I suspect that if our market is anything like the busting US bubble cities you can expect rentals to get tighter temporarily. Many people are selling right now and if they've decided to wait out a crash they'll be looking for rentals as well. In Miami this meant rents went up a bit around their peak before everything came crashing down.

Anonymous

patriotz,

you hit the spot! it's simple logic. they should have laws against this bullshit.

Holdem

Just sold my place over the weekend and started looking for an apartment to rent downtown. After being an owner for the past 3 years, it felt really strange being in a place with 15+ other couples, filling out an application, providing personal details, hoping we'll get selected…I felt like I did when I finished school.

At current prices (buying vs renting) and cash in the bank, I can suck it up for a while…

patriotz

Just trying to find a limited and unusual case to get an agent working for the buyer.

An agent is working for a buyer only if his renumeration is not positively correlated with the sales price. Nor can it be contingent on making a sale.

Since the interests of the buyer and seller are opposed, the compensation of their agents much be the inverse of each other, or at the very least not positively correlated.

I despair

My wife wants to move to Vancouver. Arrgggh! But I may have to face reality and make the move. With growing inventory, when do you think the rental market will soften up especially on the west side, say Cambie and west?

Vansanity

Building permits fall unexpectedly in March, led by Alberta which plunged 32.9%. Not to worry though BC increased .8%

http://preview.tinyurl.com/3fn85q

alexcanuck

Patriotz:

One could use a different buyers agent for each property you have decided to bid on, perhaps? Just trying to find a limited and unusual case to get an agent working for the buyer.

Easier and more effective to hire one hourly to negotiate for you, no commission at all. Was that you brought that up a while back? I strongly agree, BTW, realtors do NOT represent the buyer! Period.

patriotz

The real incentive is not the marginal commission but getting the buyer and seller to make a deal so the Realtors get paid at all.

Yes, but the point is that in a declining market, it is not in the interests of the buyer to buy at all. But if the buyer doesn't buy, the realtor doesn't get paid. Ergo, the realtor is incented to acting in the interests of the seller, i.e. making a sale, even if he gets the seller to drop the price, because it is against the interest of the seller not to sell.

Anyone getting a commission on the sales price cannot be working in the best interests of the buyer. Ever.

jesse

"They certainly do, and they are paid on an incentive scheme that rewards them for getting the lowest price for the buyer, not the highest price for the seller. If you don’t know this you’re pretty thick, and if you do know this you think we’re pretty thick." Realtors are also rewarded in the long term for making their clients happy, either by repeat business or referrals. The real incentive is not the marginal commission but getting the buyer and seller to make a deal so the Realtors get paid at all. I know there's as much pressure on the seller to reduce their price as there is on the buyer to raise theirs though realistically in a "seller's market" I think the buyer does more moving on the price. Opposite on the way down though… It's obvious from the… Read more »

patriotz

If there is a supply constraint due to government regulation or a monopoly situation and someone has market power I am sure you realize this could result in a run up.

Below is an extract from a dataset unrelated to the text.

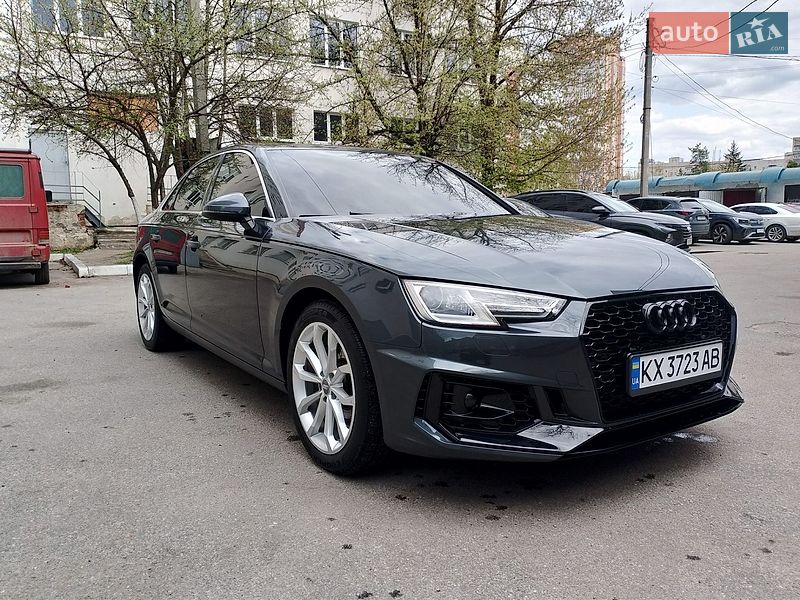 Седан Audi A4 2019 в Харкові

That's not a bubble. If the supply of houses is restricted due to government regulation, or a monopoly of supply, rents will be higher too. A bubble is not simply something getting expensive. It means asset prices are not justified by the income returned to the buyer.

Only buyers can cause asset bubbles.

Krrish2

Strataman,

People who are selling single properties they are selling like this…

May 2,2008 highest over the list 25%

anonymou

patriotz"They certainly do, and they are paid on an incentive scheme that rewards them for getting the lowest price for the buyer, not the highest price for the seller. " I agree this is a conflict of interest and a cause of the realtors not being honest brokers but nevertheless the realtor is expected to be honest and represent his client not himself. I have gone to a listing realtor when I was looking and told him I did not have a realtor. The guy smelled double commission and was telling me he could talk his client down. And as for your comment that only the buyer causes an assset bubble. Well this one has been caused by buyers. But bubbles could be caused by different reasons. If there is a supply constraint due to government regulation or a monopoly… Read more »

krrish2

"show me the buyers ?"

Here you go man…

April sales volume rose in comparison to March, to 3,218 compared to 2,997(+7.3%)you want some more?

cashisking

Stop slagging Realtor's. I'm a bear, but it's not an agents fault people are idiots about there money. They're just doing there job and the good ones deserve the money they make.

Strataman

yup! right you is! so original too except all the yank sellers beat them to it..probably a lot of discount sales in the coming month heh heh

patriotz

The used car salesman is hired by the lot. He is an extension of the lot just think of him as the vendor. And in the same way an RE agent is hired by the seller, to act in the seller's interests. In both legal and economic terms he is an extension of the seller. And that also goes for the so-called "buyer's agent", who is a partner of the listing agent. In no way is a stock broker comparable to an RE agent. One, stocks trade on exchanges with transparent pricing. It is the exchange which negotiates the pricing, not the broker. Two, stock brokers have very clearly defined legal obligations to both buyers and sellers. Three, stock brokerage commissions are based on the volume of stocks bought and sold, not on the sales price, so stock brokers are… Read more »

show me the buyers

?

krrish2

"I want best BS pumper I can find for an agent. The job that an RE agent is hired to do is to extract the maximum amount of money from the buyer – period". Some point that can bring the buyers,sellers,and realtors to their sense quickly are: 1.If the prices are sharp the property most likely to sell quickly if not the property may never sell. 2.If the seller have to lose $100,000 from listed prices realtor will lose only $1,000. 3.If the buyer does not pay the listed or assessed price for the unit he is buying his unit and that perticular building gotta lose it's appreciation value in the future the time of reassessement. From the points above it is very difficult to cheat with the market only buyer to sellers and sellers to buyers market tip the… Read more »

anonymou

patriotz your market view is one dimensional. There are buyers and sellers and they are part of the equation. You have the used car analogy let me give you the stock analogy. There are both buyers and sellers. I can be a seller who has a broker and a buyer who has a broker. The broker works for who he represents. The used car salesman is hired by the lot. He is an extension of the lot just think of him as the vendor.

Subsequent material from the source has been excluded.